Scientific classification
- Kingdom: Fungi
- Division: Ascomycota
- Class: Lecanoromycetes
- Order: Lecanorales
- Family: Cladoniaceae
- Genus: Cladonia
- Species: C. furcata
- Binomial name: Cladonia furcata (Huds.) Baumg. (1790)
- Synonyms: Lichen furcatus Huds. (1762) (basionym);

= Cladonia furcata =

- Authority: (Huds.) Baumg. (1790)
- Conservation status: G5
- Synonyms: Lichen furcatus (basionym)

Species of lichen-forming fungus

Cladonia furcata or the many-forked cup lichen is a species of cup lichen in the family Cladoniaceae. It has an intermediate to tolerant air pollution sensitivity. Extracts of this species have been shown to kill leukemia cells in vitro, and may have possible value in the treatment of cancer.

==Description==
Like most other lichens in the genus Cladonia, the fruiting body of C. furcata is made of a flattened primary thallus and a secondary upright stalk that forms the secondary thallus. The – the podetium – is extensively branched, and may reach up to 10 cm tall. The podetia ranges in color from grayish or pale green to brown. The axil, the inner junction of a branchlet with a branch or with another branchlet, is open, with inrolled branches, and frequently with a longitudinal groove that extends down the podetium from the axil. The fertile (reproductive) branches of this lichen are more or less flattened, and often grooved. C. furcata does not have the vegetative reproductive structures soredia and isidia, but instead has apothecia—cup-like ascocarps that contain asci on which ascospores are borne. The apothecia are brown, small, and borne at the end of the branches.
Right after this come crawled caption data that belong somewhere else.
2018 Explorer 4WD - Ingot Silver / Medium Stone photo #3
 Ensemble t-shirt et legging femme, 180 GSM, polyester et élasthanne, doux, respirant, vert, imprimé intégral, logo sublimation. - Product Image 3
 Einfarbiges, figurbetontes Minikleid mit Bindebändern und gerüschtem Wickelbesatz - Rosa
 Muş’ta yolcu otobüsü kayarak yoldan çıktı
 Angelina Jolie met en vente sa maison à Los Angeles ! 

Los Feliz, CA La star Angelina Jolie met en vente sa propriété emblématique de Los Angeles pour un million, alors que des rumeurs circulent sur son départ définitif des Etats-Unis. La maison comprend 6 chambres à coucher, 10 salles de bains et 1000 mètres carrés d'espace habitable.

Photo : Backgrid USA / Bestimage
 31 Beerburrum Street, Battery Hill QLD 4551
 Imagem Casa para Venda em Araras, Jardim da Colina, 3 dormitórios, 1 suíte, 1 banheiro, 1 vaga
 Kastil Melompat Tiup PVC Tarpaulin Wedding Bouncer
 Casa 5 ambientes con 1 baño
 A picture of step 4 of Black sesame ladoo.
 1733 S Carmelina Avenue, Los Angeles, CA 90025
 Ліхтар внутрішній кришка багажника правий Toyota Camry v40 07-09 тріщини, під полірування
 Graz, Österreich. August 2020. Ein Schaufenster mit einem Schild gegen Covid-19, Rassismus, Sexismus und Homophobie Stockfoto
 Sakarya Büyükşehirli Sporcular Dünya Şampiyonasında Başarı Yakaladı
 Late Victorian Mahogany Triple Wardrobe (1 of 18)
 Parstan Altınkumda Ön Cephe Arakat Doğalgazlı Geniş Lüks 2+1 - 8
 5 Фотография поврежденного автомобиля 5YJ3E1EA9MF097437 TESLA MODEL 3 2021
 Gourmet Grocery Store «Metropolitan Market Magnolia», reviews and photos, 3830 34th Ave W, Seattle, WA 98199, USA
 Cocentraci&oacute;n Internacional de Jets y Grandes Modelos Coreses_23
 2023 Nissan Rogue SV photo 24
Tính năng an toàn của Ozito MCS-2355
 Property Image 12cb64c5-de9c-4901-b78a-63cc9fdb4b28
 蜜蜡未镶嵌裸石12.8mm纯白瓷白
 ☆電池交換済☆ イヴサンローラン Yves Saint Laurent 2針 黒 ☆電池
==Habitat and distribution==
Cladonia furcata is most commonly found in forests near coastlines, at low to mid elevations. It may be found growing on moss, humus, and soil, more rarely on rotten wood or at the base of trees. In Nepal, Cladonia furcata has been reported from 1,700 to 3,900 m elevation in a compilation of published records. In North America, it is found from Alaska to California, and is very common in the west Cascade Range.

==Sensitivity to agrochemicals==
A field experiment on the effects of various common agrochemicals (mineral fertilizer, lime and calcium cyanamide) as well as organic fertilizer (manure) on C. furcata revealed that mineral fertilizer had no direct effect on lichen growth, manure promoted the length of the podetia, and calcium cyanamide proved to be lethal to C. furcata. Another study showed that application of fertilizers containing either a combination of nitrogen, phosphorus and potassium, or solely potassium had a significant stimulatory effect on the growth of C. furcata.

==Bioactive compounds==
Polysaccharides isolated from C. furcata were shown to induce cell death (apoptosis) in human leukemia K562 cells. Furthermore, C. furcata polysaccharides decreased the activity of telomerase, an enzyme that helps some cancer cells avoid death; this activity suggests possible therapeutic potential in the treatment of cancer.